It’s in the game

Turner’s e-sports league is set to debut in 2016

If you grew up watching TBS, Turner Sports used to mean the Braves, Dusty Rhodes, and those interminable Goodwill Games that interrupted your “Bewitched” reruns for days. Today it’s best known as the home of the first two rounds of the Major League Baseball playoffs and for its top-notch coverage of the NBA and golf. Turner Sports is one of the biggest sports broadcasters in the world and works intimately with the biggest sports organizations, and now it’s turning its focus from the court to the screen with a new e-sports league.

??
“As we constantly look to bring the next new exciting sport to the forefront, this is one that came out,” Lenny Daniels, president of Turner Sports, tells Creative Loafing about the new venture.

??
Mainstream media often acts like e-sports are new or obscure, treating them like a weird, cult mystery for your weird, cloistered nephew.

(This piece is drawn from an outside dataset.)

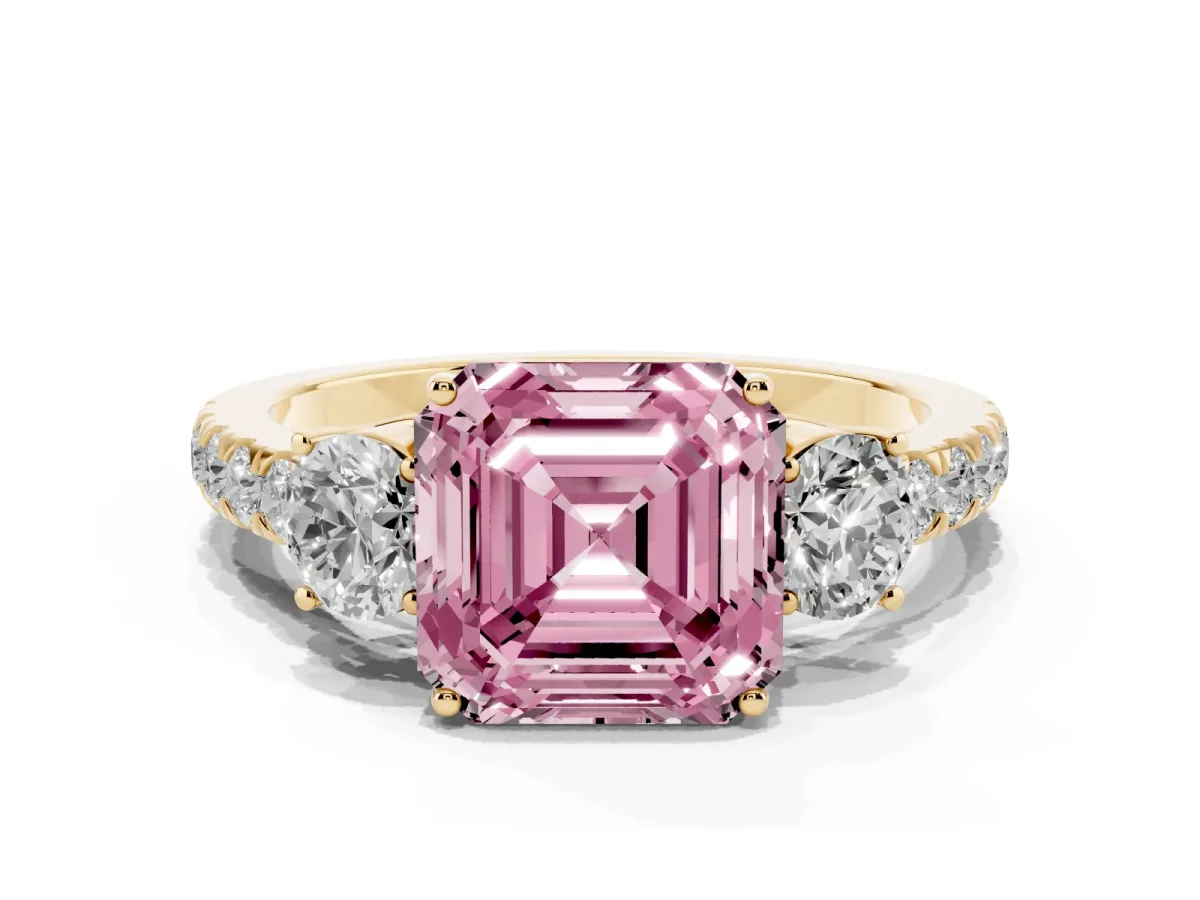 Fancy Pink Asscher Cut Cut Diamond Three-Stone Ring with Round Side Stones and Pavé Band Yellow gold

None of that is true. There’s a massive international audience that streams various e-sports games every day, and if you’re under a certain age there’s a great chance you’d rather watch League of Legends games online than baseball or football games on TV. The biggest tournaments draw more online viewers than most sports pull on TV, and give out some of the largest prize pools of any professional sport — this year’s International, the primary Dota 2 tournament, gave out more than $18 million to its players. E-sports have been thriving online for years, and networks like ESPN and Turner are still trying to catch up.

??
Together with the sports and talent management agency WME-IMG, Turner will produce a biannual series of gaming events that’ll run for 10 weeks each season on TBS on Friday nights, with live coverage airing online throughout the week. The first season starts in 2016 and will focus on the game Counter-Strike: Global Offensive, a team-based first-person shooter made by Valve. “It’s easy to understand compared to some of the other games,” Daniels says. “When you’re talking about bringing this to a mainstream audience who may not have seen this before, you want to be able to explain it in as simple terms as you can, so that made a lot of sense.” The production will take place at Turner’s Techwood campus studios, and the company speaks big about turning Atlanta into the “East Coast epicenter for e-sports.”

??
Some sports pundits and journalists don’t understand the appeal of e-sports. Fox Sports host Colin Cowherd notoriously hates the very idea, often bloviating about e-sports on his radio show and criticizing sports networks for airing them. Daniels diplomatically says he respects those opinions, but strongly disagrees with them. “It is a legitimate sport,” he says. “They are athletes. It’s teamwork, it’s passion; it’s all of the things that make up sports. Just because it’s a videogame doesn’t make it any different than golf, or anything else, for that matter. We’re going to show that these are real competitors really doing what it takes to win.”

??
As much stock as Turner is putting into e-sports, the community of fans that has helped e-sports thrive online might not be easily won over to broadcast. “Generally the e-sports community still distrusts the major networks,” says Andrew Groen, former Wired journalist and co-host of the podcast “E-sports Today”. “When televised e-sports have been attempted in the past they’ve usually been done very poorly, and then the concept of e-sports was blamed when bad shows inevitably failed. In response the e-sports community had to support competitive gaming themselves for the past two decades, and now it’s finally flourishing through online streaming networks. So I think the general reaction is ‘Why do we need TV networks? We did it ourselves already.’”

??
Groen agrees that Counter-Strike was the right choice for Turner’s league, though. “Most of the main e-sports are doing great and don’t need a Turner, but there’s one exception: Counter-Strike: Global Offensive, and it’s no coincidence that this is the main e-sport Turner is getting involved in for right now. This is an extremely popular e-sport that doesn’t have a central governing body. Fans of that game are looking for someone to give them the league that Counter-Strike deserves, and Turner could win some loyalty and good will by doing right by those fans.”

??
Existing e-sports fans might be wary, but part of Turner’s goal is to reach potential fans who’ve never seen e-sports before. As Daniels explains, “there may be people that actually would like e-sports if they were exposed to it.” He calls it “a viewership that may not be on Twitch,” Amazon’s streaming service that’s the main home for e-sports. “We’re just bringing a whole ‘nother platform that allows us to tell stories in a way that they may not have been able to be told before.”